Sementara gw yang berada di lingkungan progresif begini.... eneg banget lihat kelakuan orang di tanah air yang sibuk bela agama. Kesel juga, karena perkembangan mereka akan menjadi intimidasi yang menekan generasi muda untuk jadi progresif, liberal, open-minded dan science-driven. Coba lihat Habibie, dia manusia sosial berkultur Indonesia - yang seimbang. Dia relijius, tapi juga science-driven. Makanya dia pro konsensus, cinta damai dan konstruktif. Itu yang gw maksud. Bukan berarti kepercayaan dan pengetahuan ga bisa hidup berdampingan. Tapi kita butuh keseimbangan. Jangan pupuk ekstrimisme. Teknologi tanpa budaya dan cinta kasih akan jadi mesin kapitalisme yang mengeksploitasi manusia lain dan memperburuk kesenjangan sosial.
Banyak korban ekstrimisme dan yang mengidap defisit ilmu pengetahuan itu tidak menyadari kekurangan daya pikir mereka, kelemahan logika dan critical thinking. Terkadang mereka terekspos akan realita asing melalui social media, dimana mereka melihat orang-orang bersekolah di luar negeri, orang-orang yang menemukan inovasi ini itu, orang yang terlibat riset ini itu, orang-orang yang hasil penemuannya telah dinanti jutaan manusia, orang-orang yang potensi, bakat dan keahliannya dihargai masyarakat luas; bagi mereka... orang-orang ini kafir, ga nyata, bukan bagian dari grup mereka, tak terjangkau, harus dilupakan, dsb. Padahal... tidak ada kata terlambat untuk belajar dan membantu masyarakat dengan cara yang konkret. Ada beasiswa, bisa kerja serabutan ini itu, selalu ada jalan untuk menjadi orang yang lebih terdidik. Tapi apa daya... esktrimisme sudah menjalar, dan semakin sulit menolak godaan menjadi orang penting dengan cukup bermodalkan mulut besar dan aksen cengkok arab. Karena betul, belajar mengejar ilmu pengetahuan itu berat. Berat sekali. Banyak pengorbanannya. Tapi itulah hidup, susah asal bermanfaat bagi masyarakat harus diterima dengan ikhlas. Daripada beken, diciumi tangannya, tapi keberadaan kita cuma membawa musibah dan memecah belah persatuan masyarakat.

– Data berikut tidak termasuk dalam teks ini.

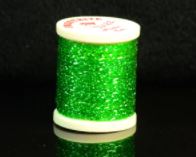 Fish Hunter Frostbite Micro Braid
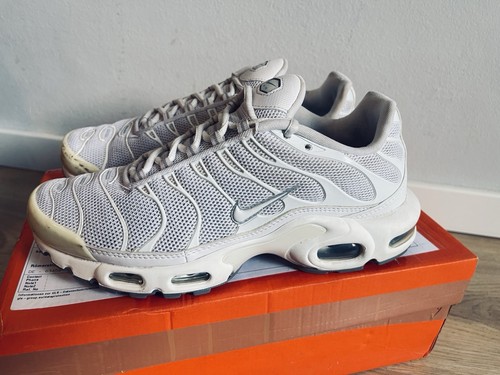 Nike air max plus - plus, herren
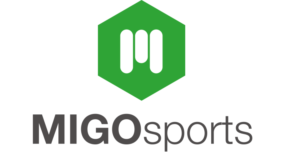 migosports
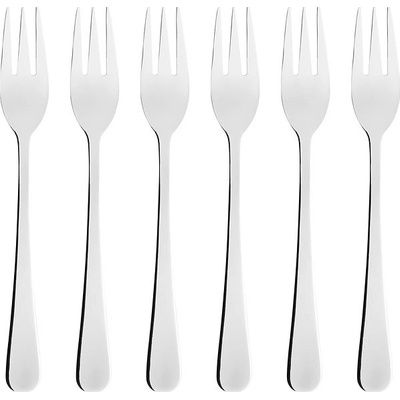 Siguro Gastro vidlička dezertní 6 ks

Dan.... akhirnya generasi muda hasil kungkungan agama import yang umatnya bordering schizophrenic cuma bisa jadi penonton.... dari jauh.... sangat jauh. Realita mereka hanya sebatas baju sorban, sendal jepit, nasi bungkus lalu "BAKARRRRRR!!!" "BUNUH!!!!" "PENGGAL!!!!!" "NISTA!!!!!!"
Man. This country is going down.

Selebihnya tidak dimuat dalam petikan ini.